__TASK STATEMENT__:
Print, please, the line that contains "Interior Photo - Golden Inca Apartments" and each line after it to the end of the entries, unchanged and with nothing else.

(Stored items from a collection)
►

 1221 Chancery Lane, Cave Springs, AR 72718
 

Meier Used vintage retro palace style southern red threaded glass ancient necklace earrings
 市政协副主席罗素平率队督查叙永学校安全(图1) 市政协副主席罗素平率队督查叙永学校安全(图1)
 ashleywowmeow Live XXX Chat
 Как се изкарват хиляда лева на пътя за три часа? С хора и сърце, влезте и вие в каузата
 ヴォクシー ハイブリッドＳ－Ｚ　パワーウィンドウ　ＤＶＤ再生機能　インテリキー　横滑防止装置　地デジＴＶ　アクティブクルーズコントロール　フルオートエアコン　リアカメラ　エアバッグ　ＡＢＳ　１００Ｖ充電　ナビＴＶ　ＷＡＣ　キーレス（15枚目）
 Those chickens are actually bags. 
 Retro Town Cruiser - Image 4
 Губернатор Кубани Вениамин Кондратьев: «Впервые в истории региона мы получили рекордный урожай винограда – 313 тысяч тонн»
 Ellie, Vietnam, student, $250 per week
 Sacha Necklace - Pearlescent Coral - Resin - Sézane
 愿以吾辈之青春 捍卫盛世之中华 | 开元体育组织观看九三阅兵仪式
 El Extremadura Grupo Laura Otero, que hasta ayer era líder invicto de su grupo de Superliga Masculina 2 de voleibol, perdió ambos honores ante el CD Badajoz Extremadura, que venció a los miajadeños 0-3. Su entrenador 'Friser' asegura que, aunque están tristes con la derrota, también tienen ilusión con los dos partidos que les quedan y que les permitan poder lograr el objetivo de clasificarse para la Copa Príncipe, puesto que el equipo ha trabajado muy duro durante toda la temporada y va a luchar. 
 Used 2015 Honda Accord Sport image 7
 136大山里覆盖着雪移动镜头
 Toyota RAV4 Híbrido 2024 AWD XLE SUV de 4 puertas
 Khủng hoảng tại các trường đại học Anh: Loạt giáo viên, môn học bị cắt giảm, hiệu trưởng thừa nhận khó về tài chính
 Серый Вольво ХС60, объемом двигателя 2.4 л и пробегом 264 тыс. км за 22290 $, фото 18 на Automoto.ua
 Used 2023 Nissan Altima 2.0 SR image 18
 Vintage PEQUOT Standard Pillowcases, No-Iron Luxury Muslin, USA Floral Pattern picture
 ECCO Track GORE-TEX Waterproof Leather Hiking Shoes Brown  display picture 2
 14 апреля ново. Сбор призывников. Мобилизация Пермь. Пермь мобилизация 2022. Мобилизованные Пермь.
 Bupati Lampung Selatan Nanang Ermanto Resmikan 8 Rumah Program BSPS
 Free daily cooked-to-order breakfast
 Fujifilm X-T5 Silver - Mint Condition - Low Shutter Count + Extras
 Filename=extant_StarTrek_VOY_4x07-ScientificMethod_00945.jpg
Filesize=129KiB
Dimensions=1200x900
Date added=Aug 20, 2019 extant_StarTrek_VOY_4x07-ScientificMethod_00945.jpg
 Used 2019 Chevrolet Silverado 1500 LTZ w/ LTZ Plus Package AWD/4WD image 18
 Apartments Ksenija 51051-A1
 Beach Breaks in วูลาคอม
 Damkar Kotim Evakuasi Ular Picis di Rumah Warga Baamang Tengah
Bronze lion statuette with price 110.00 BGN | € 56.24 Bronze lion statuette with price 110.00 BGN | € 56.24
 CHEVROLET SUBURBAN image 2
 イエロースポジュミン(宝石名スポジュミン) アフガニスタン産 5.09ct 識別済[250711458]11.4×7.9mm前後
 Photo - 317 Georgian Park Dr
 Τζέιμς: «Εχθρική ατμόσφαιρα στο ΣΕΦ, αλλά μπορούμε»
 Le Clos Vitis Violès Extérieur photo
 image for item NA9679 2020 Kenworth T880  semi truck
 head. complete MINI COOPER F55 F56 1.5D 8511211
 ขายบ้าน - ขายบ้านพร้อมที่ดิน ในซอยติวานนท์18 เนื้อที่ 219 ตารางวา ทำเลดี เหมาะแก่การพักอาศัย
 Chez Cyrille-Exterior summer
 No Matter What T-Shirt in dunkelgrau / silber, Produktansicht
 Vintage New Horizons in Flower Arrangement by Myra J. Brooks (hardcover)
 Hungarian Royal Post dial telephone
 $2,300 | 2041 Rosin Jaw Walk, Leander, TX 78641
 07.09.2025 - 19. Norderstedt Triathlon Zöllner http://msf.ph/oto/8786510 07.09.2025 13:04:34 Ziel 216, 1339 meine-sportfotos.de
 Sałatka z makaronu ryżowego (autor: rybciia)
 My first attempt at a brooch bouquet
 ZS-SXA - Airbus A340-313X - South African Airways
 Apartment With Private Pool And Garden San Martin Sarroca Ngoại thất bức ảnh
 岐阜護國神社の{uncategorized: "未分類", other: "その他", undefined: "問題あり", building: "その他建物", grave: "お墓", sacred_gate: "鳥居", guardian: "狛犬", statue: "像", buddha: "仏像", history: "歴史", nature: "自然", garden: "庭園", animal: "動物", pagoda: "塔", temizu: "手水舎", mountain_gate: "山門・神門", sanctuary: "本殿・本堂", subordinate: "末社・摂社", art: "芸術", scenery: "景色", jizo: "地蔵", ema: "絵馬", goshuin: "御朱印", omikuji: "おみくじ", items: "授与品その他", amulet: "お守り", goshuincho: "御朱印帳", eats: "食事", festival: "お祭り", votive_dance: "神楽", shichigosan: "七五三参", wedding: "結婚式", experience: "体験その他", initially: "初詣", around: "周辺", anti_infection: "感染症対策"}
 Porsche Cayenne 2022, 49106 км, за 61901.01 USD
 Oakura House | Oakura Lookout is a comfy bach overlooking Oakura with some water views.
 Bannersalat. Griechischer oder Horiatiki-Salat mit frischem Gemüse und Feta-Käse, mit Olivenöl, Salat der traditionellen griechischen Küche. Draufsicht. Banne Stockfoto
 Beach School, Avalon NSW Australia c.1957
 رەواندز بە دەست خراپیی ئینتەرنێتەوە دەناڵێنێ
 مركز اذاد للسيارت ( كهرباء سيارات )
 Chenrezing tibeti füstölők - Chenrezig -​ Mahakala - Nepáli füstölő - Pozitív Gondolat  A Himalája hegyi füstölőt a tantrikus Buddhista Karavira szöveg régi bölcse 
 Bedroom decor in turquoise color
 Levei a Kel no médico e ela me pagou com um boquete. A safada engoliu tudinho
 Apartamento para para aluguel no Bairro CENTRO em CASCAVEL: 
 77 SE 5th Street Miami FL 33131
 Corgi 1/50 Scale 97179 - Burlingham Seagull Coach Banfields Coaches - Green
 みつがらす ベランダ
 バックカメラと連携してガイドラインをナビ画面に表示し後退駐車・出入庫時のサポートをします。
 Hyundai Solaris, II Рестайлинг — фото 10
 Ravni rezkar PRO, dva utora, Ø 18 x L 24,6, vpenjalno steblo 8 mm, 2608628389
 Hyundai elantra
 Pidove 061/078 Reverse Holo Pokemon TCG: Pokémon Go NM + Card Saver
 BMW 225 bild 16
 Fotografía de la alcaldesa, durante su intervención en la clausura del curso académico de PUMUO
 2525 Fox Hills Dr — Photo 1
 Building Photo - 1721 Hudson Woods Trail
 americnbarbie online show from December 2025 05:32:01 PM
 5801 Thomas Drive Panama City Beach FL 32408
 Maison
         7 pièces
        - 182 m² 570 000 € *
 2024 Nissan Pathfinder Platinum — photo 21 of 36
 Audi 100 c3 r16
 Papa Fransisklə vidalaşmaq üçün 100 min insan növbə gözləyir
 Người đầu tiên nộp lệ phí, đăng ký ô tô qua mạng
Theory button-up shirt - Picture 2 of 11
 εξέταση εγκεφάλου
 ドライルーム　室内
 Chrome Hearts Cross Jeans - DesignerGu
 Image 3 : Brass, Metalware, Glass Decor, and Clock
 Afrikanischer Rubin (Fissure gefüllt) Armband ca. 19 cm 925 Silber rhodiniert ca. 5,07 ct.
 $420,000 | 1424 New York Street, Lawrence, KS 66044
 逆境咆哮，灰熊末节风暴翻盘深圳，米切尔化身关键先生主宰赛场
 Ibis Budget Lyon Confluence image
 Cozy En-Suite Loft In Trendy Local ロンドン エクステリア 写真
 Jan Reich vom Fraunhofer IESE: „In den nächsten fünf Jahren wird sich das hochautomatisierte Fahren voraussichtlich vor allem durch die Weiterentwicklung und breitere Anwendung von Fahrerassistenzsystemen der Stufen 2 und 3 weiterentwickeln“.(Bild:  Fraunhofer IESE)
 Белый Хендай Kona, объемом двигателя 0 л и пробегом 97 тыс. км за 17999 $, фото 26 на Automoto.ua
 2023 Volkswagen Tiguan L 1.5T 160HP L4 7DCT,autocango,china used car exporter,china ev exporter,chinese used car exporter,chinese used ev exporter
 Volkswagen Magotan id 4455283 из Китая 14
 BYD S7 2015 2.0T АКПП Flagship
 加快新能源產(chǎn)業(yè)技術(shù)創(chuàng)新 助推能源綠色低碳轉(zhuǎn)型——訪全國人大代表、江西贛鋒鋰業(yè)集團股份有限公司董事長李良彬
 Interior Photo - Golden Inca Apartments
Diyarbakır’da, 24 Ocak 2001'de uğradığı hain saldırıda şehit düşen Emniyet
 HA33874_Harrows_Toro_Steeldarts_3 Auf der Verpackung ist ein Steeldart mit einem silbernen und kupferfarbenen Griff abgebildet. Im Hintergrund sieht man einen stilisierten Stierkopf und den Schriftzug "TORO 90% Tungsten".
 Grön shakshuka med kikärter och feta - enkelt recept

◄

__TASK ANSWER__:
 Interior Photo - Golden Inca Apartments
Diyarbakır’da, 24 Ocak 2001'de uğradığı hain saldırıda şehit düşen Emniyet
 HA33874_Harrows_Toro_Steeldarts_3 Auf der Verpackung ist ein Steeldart mit einem silbernen und kupferfarbenen Griff abgebildet. Im Hintergrund sieht man einen stilisierten Stierkopf und den Schriftzug "TORO 90% Tungsten".
 Grön shakshuka med kikärter och feta - enkelt recept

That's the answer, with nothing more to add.